» **Assignment**: Print out the entries from the line containing "8 Pack Diamond" through the last line, exactly, and print nothing else. Pictures are not copied.

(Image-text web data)
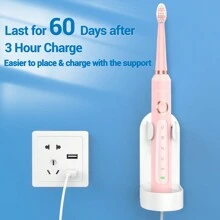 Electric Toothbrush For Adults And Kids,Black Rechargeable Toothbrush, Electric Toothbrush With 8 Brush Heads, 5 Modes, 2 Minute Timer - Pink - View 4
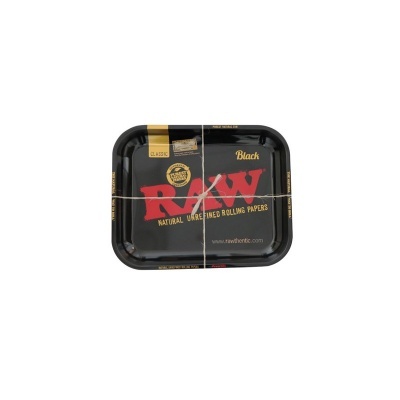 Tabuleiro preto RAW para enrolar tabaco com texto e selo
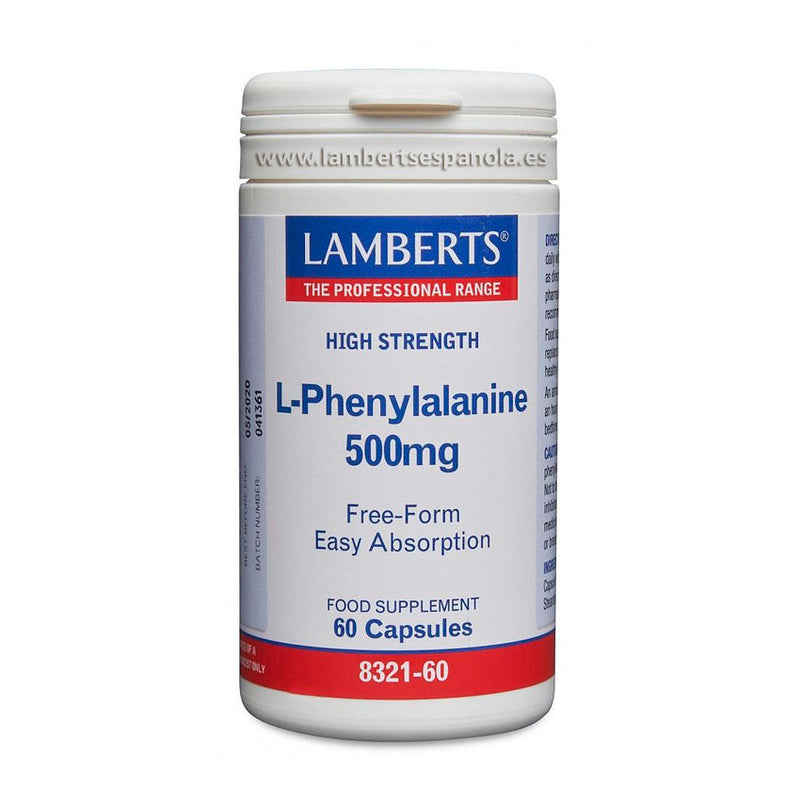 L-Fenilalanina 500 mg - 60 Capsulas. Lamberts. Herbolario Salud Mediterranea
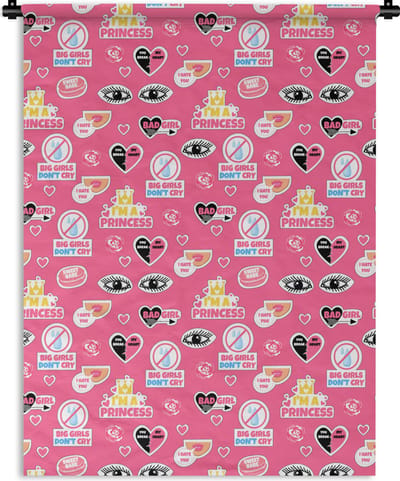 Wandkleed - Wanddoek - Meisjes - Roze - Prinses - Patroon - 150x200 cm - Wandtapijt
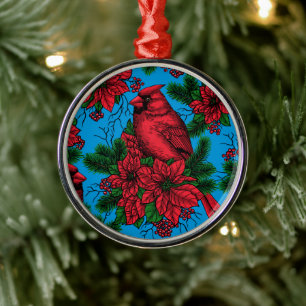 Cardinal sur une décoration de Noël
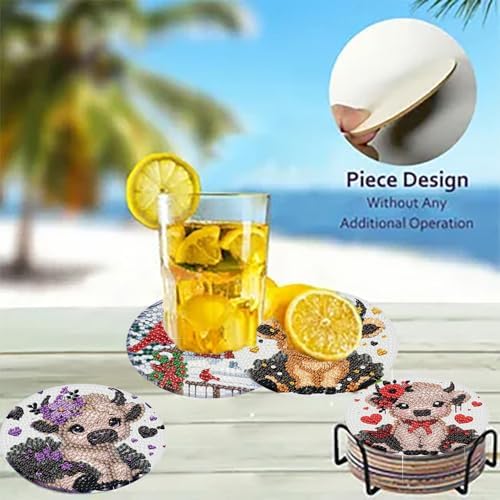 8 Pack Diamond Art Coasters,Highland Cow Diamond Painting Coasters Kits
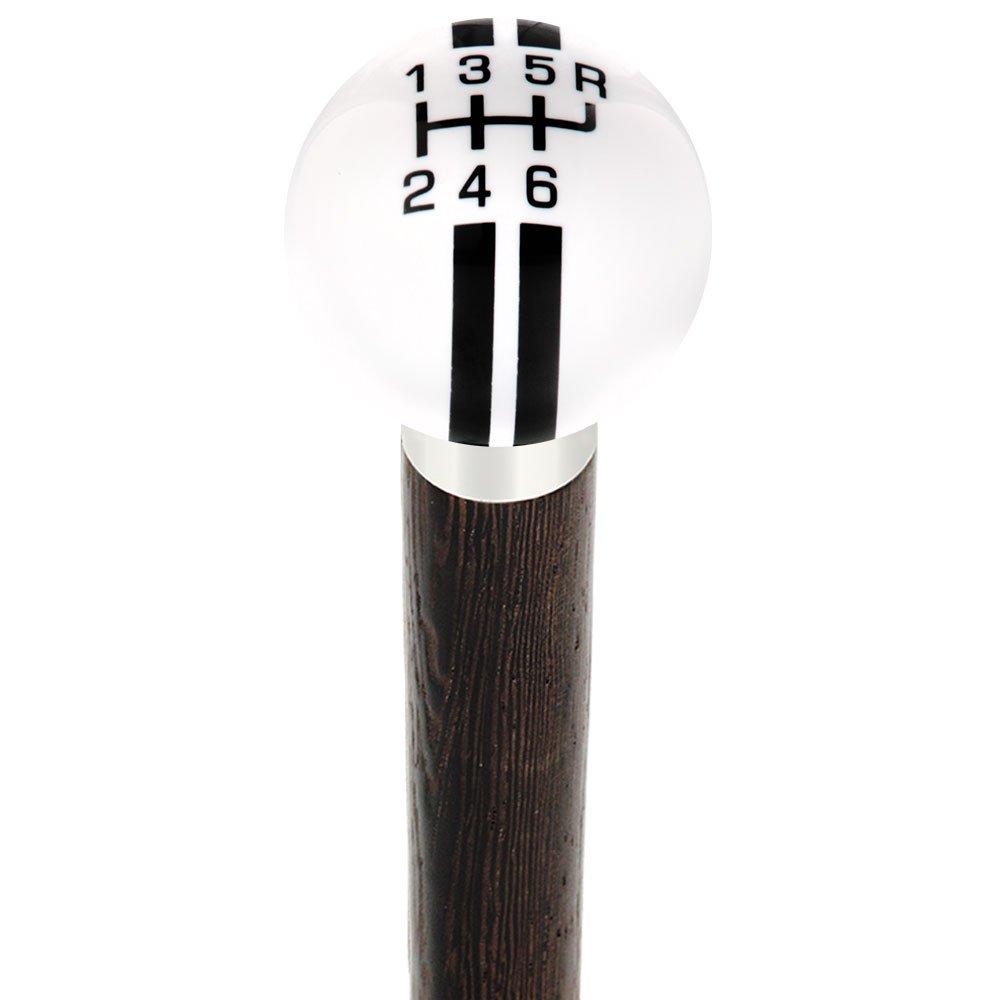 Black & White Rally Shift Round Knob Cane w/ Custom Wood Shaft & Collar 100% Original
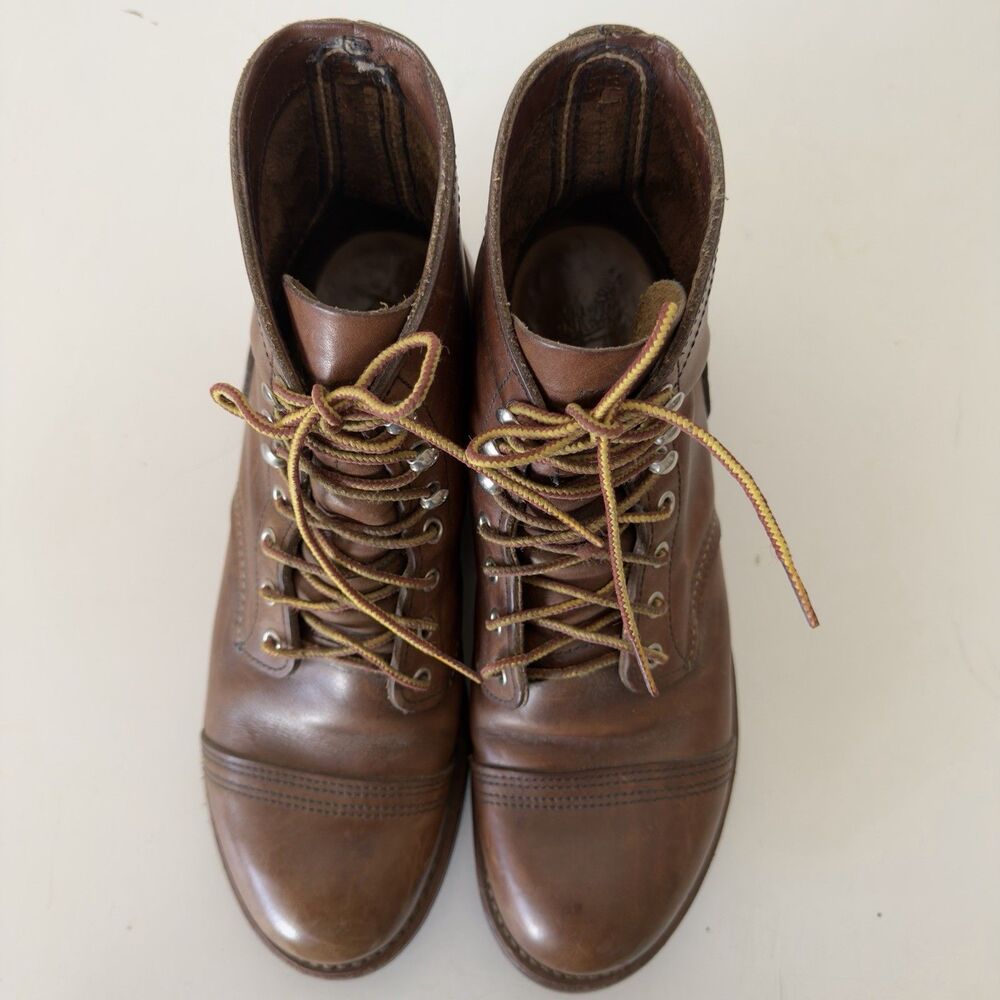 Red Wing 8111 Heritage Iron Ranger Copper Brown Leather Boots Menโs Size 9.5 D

» **Response area**:
 8 Pack Diamond Art Coasters,Highland Cow Diamond Painting Coasters Kits
 Black & White Rally Shift Round Knob Cane w/ Custom Wood Shaft & Collar 100% Original
 Red Wing 8111 Heritage Iron Ranger Copper Brown Leather Boots Menโs Size 9.5 D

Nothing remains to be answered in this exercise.